* [Source data]:
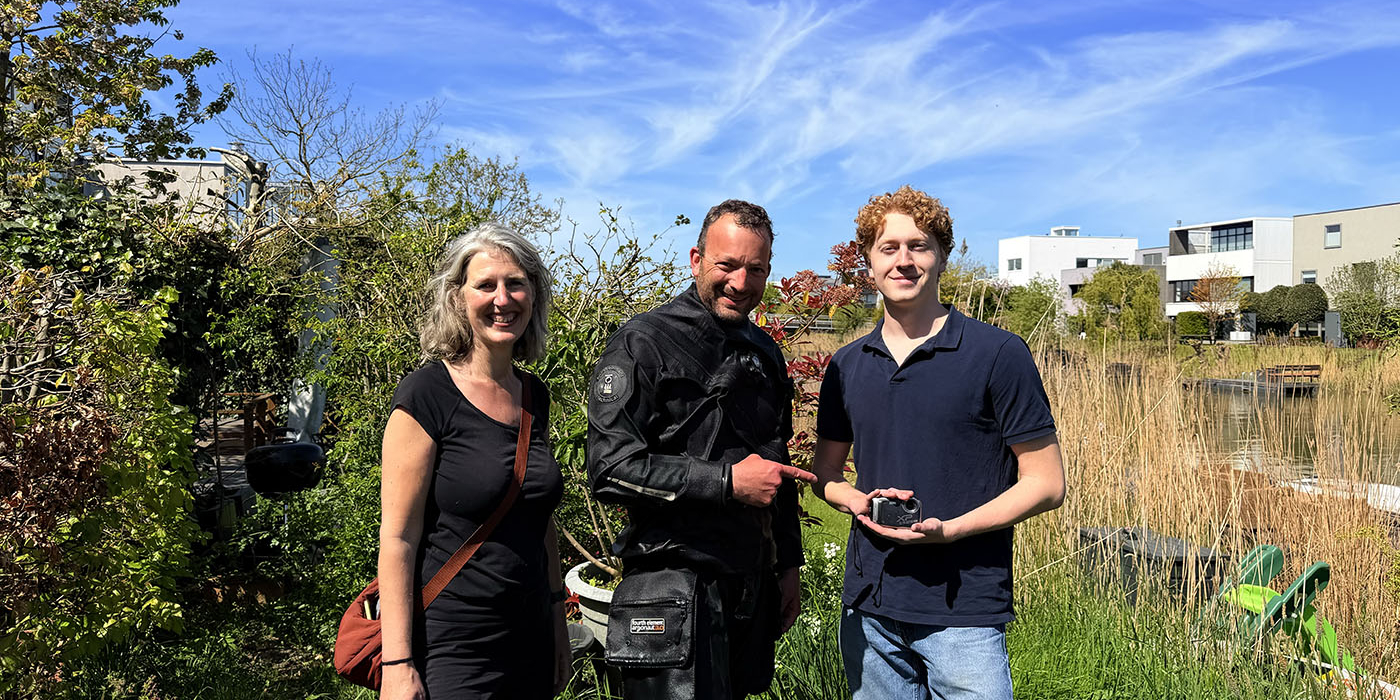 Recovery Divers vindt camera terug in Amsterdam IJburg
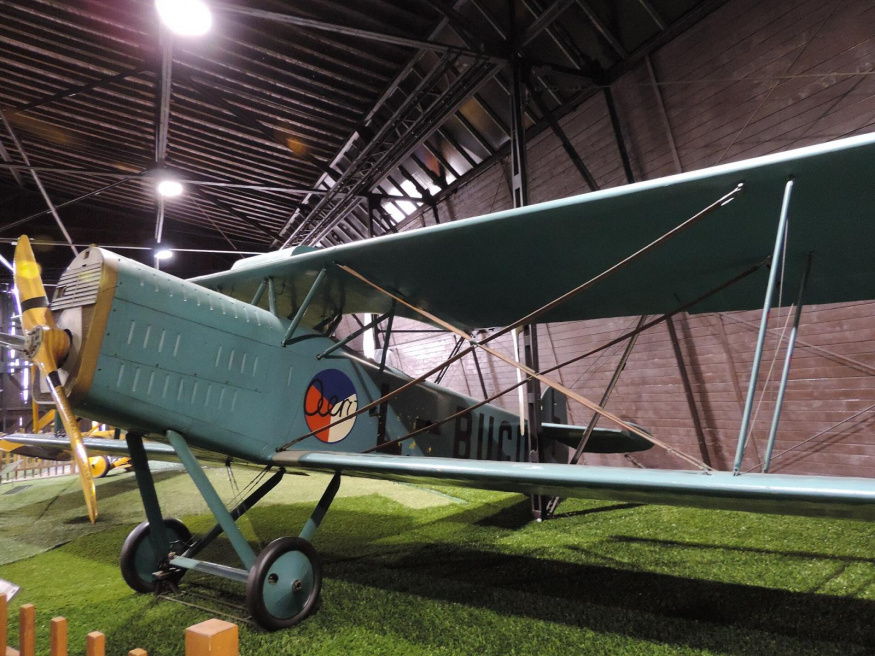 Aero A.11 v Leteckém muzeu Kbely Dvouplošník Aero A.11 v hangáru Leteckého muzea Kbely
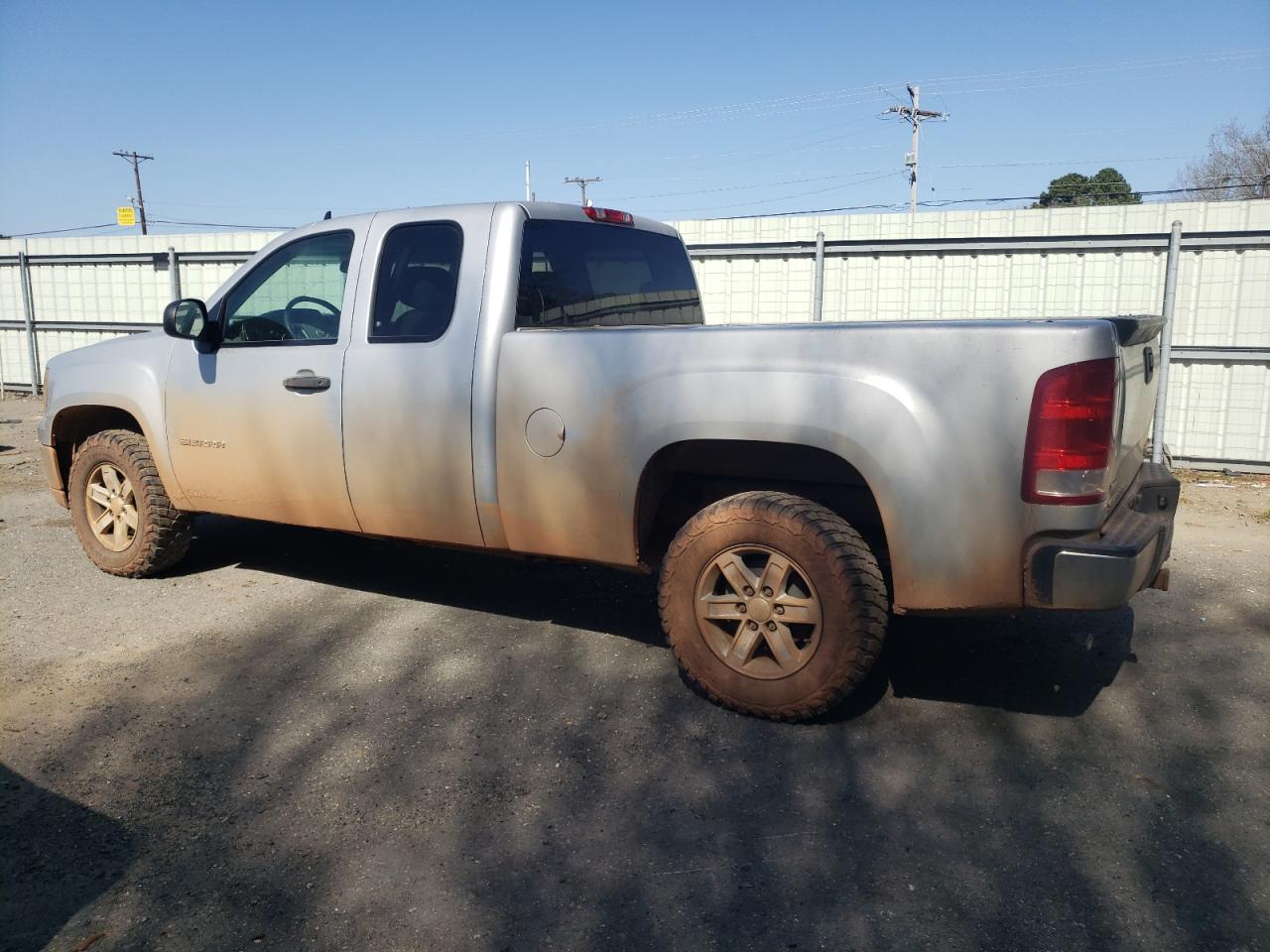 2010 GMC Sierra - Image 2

* [Problem description]:
Since the pictures are not wanted, write out the rest of the data exactly as it reads.

* [Response to the task]:
 Recovery Divers vindt camera terug in Amsterdam IJburg
 Aero A.11 v Leteckém muzeu Kbely Dvouplošník Aero A.11 v hangáru Leteckého muzea Kbely
 2010 GMC Sierra - Image 2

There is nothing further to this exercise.